++++ Study material

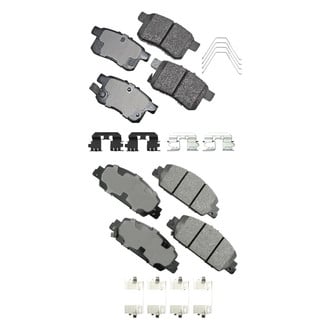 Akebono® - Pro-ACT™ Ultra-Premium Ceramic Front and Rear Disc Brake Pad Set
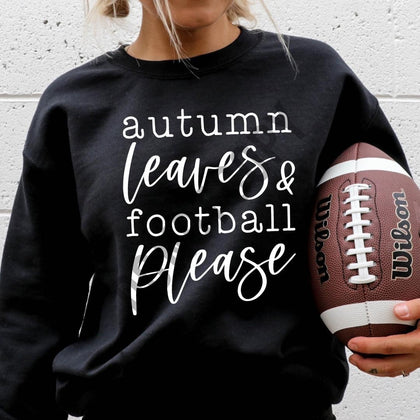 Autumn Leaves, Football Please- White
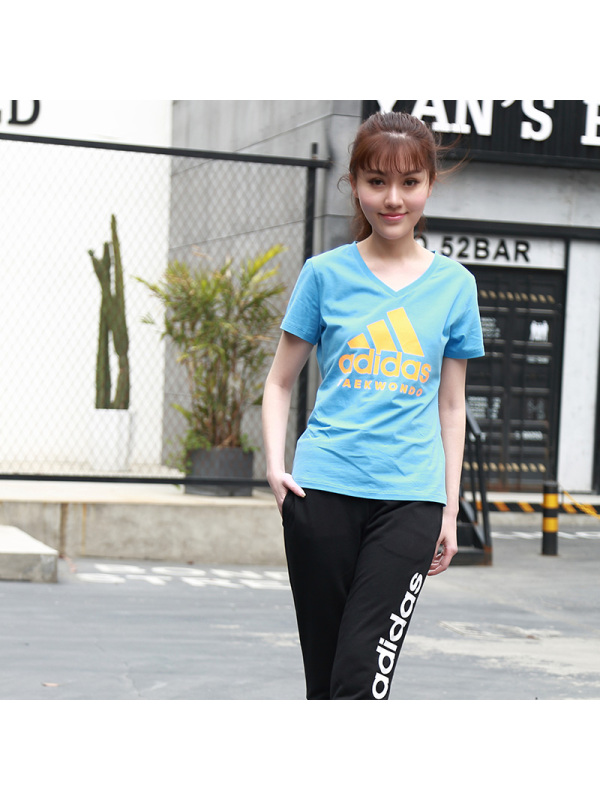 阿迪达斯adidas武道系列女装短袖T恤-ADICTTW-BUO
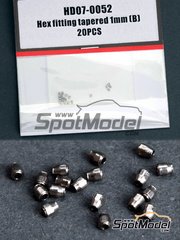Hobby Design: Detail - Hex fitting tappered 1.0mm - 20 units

++++++++
++++ Study material

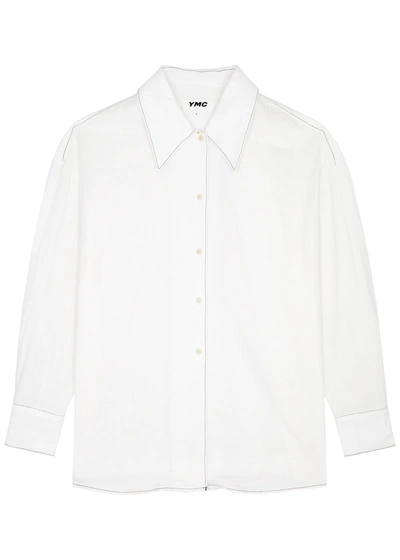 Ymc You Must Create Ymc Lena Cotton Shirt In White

++++++++

■ Instructions for the task
Starting at the line that contains "Akebono® - Pro-ACT™" and ending at the line that contains "Hobby Design: Detail", transcribe the material above exactly, excluding pictures.

■ Output for this task
 Akebono® - Pro-ACT™ Ultra-Premium Ceramic Front and Rear Disc Brake Pad Set
 Autumn Leaves, Football Please- White
 阿迪达斯adidas武道系列女装短袖T恤-ADICTTW-BUO
Hobby Design: Detail - Hex fitting tappered 1.0mm - 20 units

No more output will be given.